◆ **Required action**:
Your answer should consist of every line in the records that holds "Bedroom".

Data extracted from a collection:
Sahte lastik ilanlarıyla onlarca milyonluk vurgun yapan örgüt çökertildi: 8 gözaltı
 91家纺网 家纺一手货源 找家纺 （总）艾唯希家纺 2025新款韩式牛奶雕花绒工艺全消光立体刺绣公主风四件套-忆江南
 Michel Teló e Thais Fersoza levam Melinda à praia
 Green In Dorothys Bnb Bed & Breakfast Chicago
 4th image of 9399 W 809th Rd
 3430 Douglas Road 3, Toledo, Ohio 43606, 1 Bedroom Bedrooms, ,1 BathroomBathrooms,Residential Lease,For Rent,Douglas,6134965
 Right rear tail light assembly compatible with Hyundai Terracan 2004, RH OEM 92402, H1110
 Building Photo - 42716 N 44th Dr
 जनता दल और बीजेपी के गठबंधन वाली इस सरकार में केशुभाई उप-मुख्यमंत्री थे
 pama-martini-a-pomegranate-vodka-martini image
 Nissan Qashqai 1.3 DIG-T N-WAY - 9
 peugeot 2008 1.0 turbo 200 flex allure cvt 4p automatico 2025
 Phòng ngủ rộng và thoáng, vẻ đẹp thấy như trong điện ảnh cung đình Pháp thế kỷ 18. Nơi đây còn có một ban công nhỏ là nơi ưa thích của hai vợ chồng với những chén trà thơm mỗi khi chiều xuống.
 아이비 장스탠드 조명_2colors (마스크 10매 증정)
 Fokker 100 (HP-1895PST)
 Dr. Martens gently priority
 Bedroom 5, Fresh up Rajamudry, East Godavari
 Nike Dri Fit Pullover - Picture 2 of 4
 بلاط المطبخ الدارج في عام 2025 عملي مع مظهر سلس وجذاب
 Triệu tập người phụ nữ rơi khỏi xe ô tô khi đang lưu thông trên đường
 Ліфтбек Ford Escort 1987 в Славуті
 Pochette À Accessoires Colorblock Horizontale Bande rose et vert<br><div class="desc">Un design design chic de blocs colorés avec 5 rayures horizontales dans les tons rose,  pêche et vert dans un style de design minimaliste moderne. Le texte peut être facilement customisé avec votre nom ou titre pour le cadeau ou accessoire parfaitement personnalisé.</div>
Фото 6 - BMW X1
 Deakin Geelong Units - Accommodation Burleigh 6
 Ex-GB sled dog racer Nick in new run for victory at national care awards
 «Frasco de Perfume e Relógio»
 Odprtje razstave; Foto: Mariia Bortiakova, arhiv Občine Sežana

◆ **Exercise answer**:
 3430 Douglas Road 3, Toledo, Ohio 43606, 1 Bedroom Bedrooms, ,1 BathroomBathrooms,Residential Lease,For Rent,Douglas,6134965
 Bedroom 5, Fresh up Rajamudry, East Godavari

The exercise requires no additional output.